In general \(\sigma _{desc}(T)\subseteq \sigma _{desc}(T, {\mathcal {B}}(X))\), and we say that an operator T satisfies the descent spectrum equality whenever, the descent spectrum of T as an operator coincides with the descent spectrum of T as an element of the algebra of all bounded linear operators on X.

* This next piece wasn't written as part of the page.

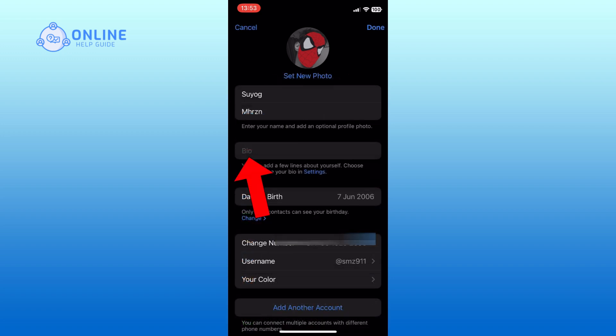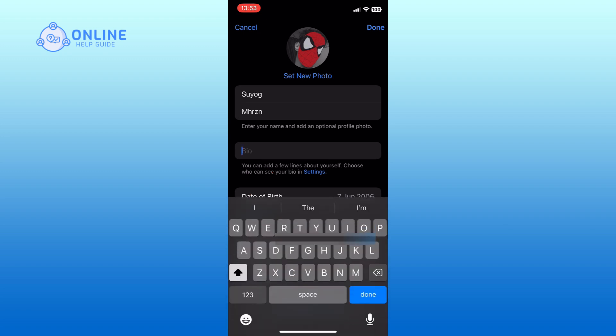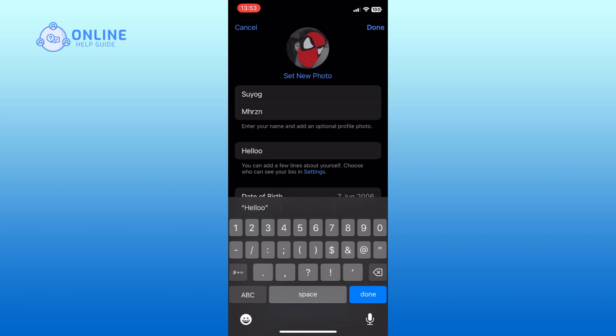You will now see the bio section. Tap on it to start editing. Begin typing your bio in the provided text box. Finally, tap the done button in the top right corner to save your changes.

The operator \(T\in {\mathcal {B}}(X)\) is said to have the single-valued extension property at \(\lambda _0 \in {\mathbb {C}}\), abbreviated T has the SVEP at \(\lambda _0\), if for every neighbourhood \({\mathcal {U}}\) of \(\lambda _0\) the only analytic function \(f : {\mathcal {U}} \rightarrow X\) which satisfies the equation \((\lambda I - T)f(\lambda ) = 0\) is the constant function \(f \equiv 0\). For an arbitrary operator \(T \in B(X)\) let \({\mathcal {S}}(T)= \{\lambda \in {\mathbb {C}} : T \text{ does } \text{ not } \text{ have } \text{ the } \text{ SVEP } \text{ at } \lambda \}\). Note that \({\mathcal {S}}(T)\) is open and is contained in the interior of the point spectrum \(\sigma _p(T)\). The operator T is said to have the SVEP if \({\mathcal {S}}(T)\) is empty. According to [3] we have \(\sigma (T) = \sigma _{su}(T)\cup {\mathcal {S}}(T)\).

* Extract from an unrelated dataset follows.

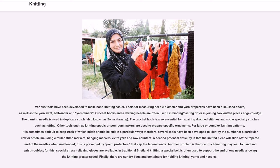Various tools have been developed to make hand knitting easier. Tools for measuring needle diameter and yarn properties, as well as the yarn swift, ball winder, and yarn containers have been discussed above. Crochet hooks and a darning needle are often useful in binding/casting off or in joining two knitted pieces edge to edge. The darning needle is used in duplicate stitch, also known as Swiss darning. The crochet hook is also essential for repairing dropped stitches and some specialty stitches such as tufting.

For an operator \(T \in {\mathcal {B}}(X)\) we shall denote by \(\alpha (T)\) the dimension of the kernel N(T), and by \(\beta (T)\) the codimension of the range R(T). We recall that an operator \(T \in {\mathcal {B}}(X)\) is called upper semi-Fredholm if \(\alpha (T)< \infty \) and R(T) is closed, while \(T \in {\mathcal {B}}(X)\) is called lower semi-Fredholm if \(\beta (T)< \infty \). Let \(\Phi _{+}(X)\) and \(\Phi _{-}(X)\) denote the class of all upper semi-Fredholm operators and the class of all lower semi-Fredholm operators, respectively. The class of all semi-Fredholm operators is defined by \(\Phi _{\pm }(X) := \Phi _{+}(X)\cup \Phi _{-}(X)\), while the class of all Fredholm operators is defined by \(\Phi (X) := \Phi _{+}(X)\cap \Phi _{-}(X)\). If \(T \in \Phi _{\pm }(X)\), the index of T is defined by ind\((T) := \alpha (T) - \beta (T)\). The class of all upper semi-Browder operators is defined by \(B_{+}(X) := \{T \in \Phi _{+}(X) : a(T) < \infty \}\), the upper semi-Browder spectrum of \(T \in {\mathcal {B}}(X)\) is defined by \(\sigma _{ub}(T) := \{\lambda \in {\mathbb {C}}: \lambda I - T \notin B_{+}(X)\}\). The class of all upper semi-Weyl operators is defined by \(W_{+}(X) := \{T \in \Phi _{+}(X) : \text{ ind }(T) \le 0 \}\), the upper semi-Weyl spectrum is defined by \(\sigma _{uw}(T) := \{\lambda \in {\mathbb {C}}: \lambda I - T \notin W_{+}(X)\}\).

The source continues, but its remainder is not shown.